One of the loudest claims from skeptics is that science has disproved God. But has it?
Now here's where it gets really interesting. Some people read Genesis and say the universe is about 6,000 years old. Others look at the scientific evidence and see 13.8 billion years. Are these in conflict?
Not necessarily - and the reason involves some of the most fascinating physics you'll ever encounter.
Christians have held multiple views on the age of the creation for centuries - long before Darwin, long before the Big Bang was discovered. This isn't a new debate. What matters is understanding the options and recognizing that faithful, Bible-believing Christians land in different places - and that's okay. The age of the universe is not what salvation depends on.
But first, a crucial observation about what the Hebrew text itself does - and does not - say about the age of the universe.
Oxford mathematician John Lennox argues that Genesis makes no claim about the age of the universe at all - and that the answer has been sitting in the Hebrew grammar all along.
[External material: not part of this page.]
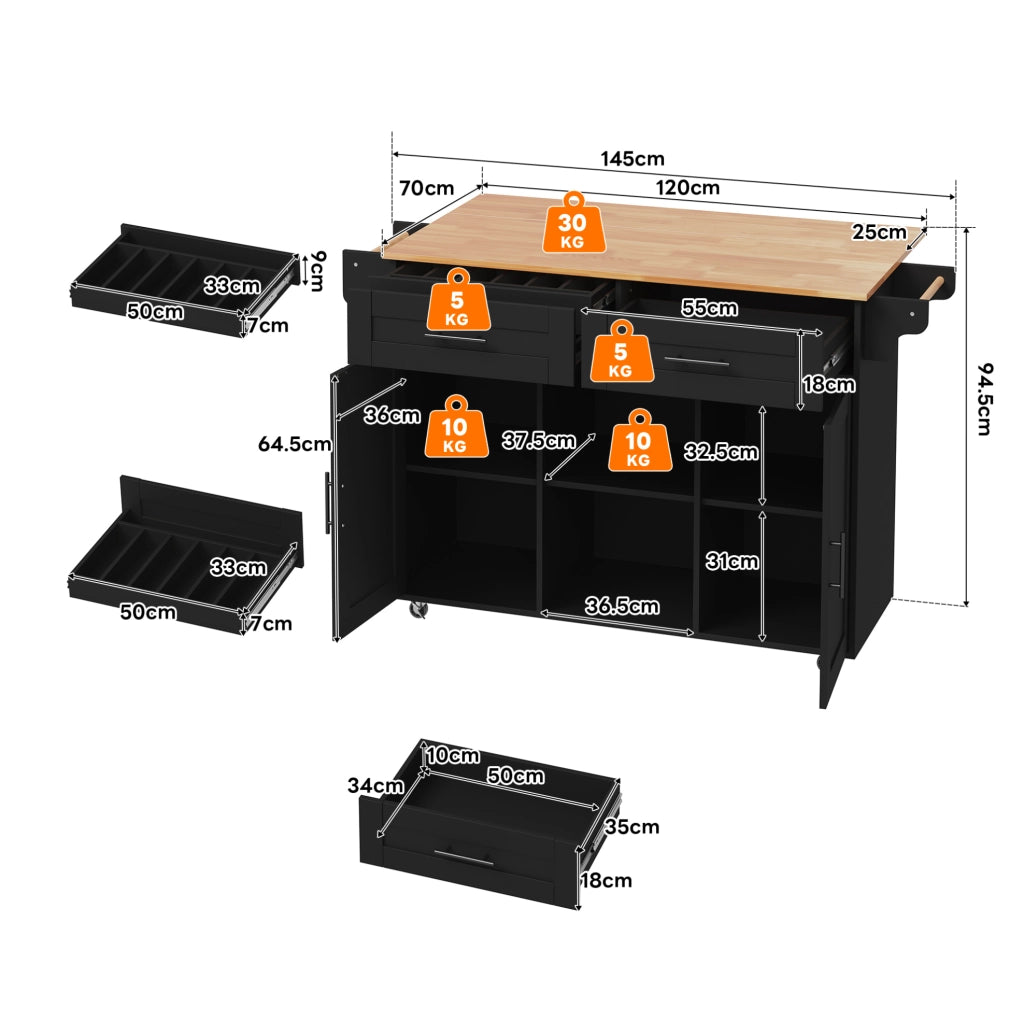 Isola da cucina mobile con piano pieghevole 145x70x94;5 cm in MDF nero con 5 ruote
As he puts it: "The age of the earth can be cleared up in two minutes if you know a little bit about Hebrew grammar."
Here is the argument. Genesis does not begin with "and God said" - the repeated phrase that launches each of the six days of creation. Genesis begins with something different: "In the beginning God created the heavens and the earth." Only then, in verse 3, does the sequence of days begin with "and God said." These are two distinct sections of text - and they are written in two distinct Hebrew past tenses.
Hebrew scholars have long recognized this. The opening verses (Genesis 1:1-2) use one form of the past tense. The sequence of six days, beginning at verse 3, shifts to a different form. This is not a minor stylistic variation. The two tenses carry different implications about when the events occurred relative to each other.
Lennox consulted the Professor of Hebrew at Oxford and the Professor of Hebrew at Cambridge. To his amazement, they gave the same answer. C. John Collins - the lead Hebrew translator of the English Standard Version (ESV) and himself a trained scientist - expressed it most precisely. Collins told Lennox that the Hebrew grammar tells you the first statement in the Bible occurs "at an indefinite period before the second period."
Read that carefully. The creation of the heavens and the earth - Genesis 1:1 - occurred at an indefinite, unspecified time before the six days even begin. There is no timestamp. There is no age claim. The text simply does not say.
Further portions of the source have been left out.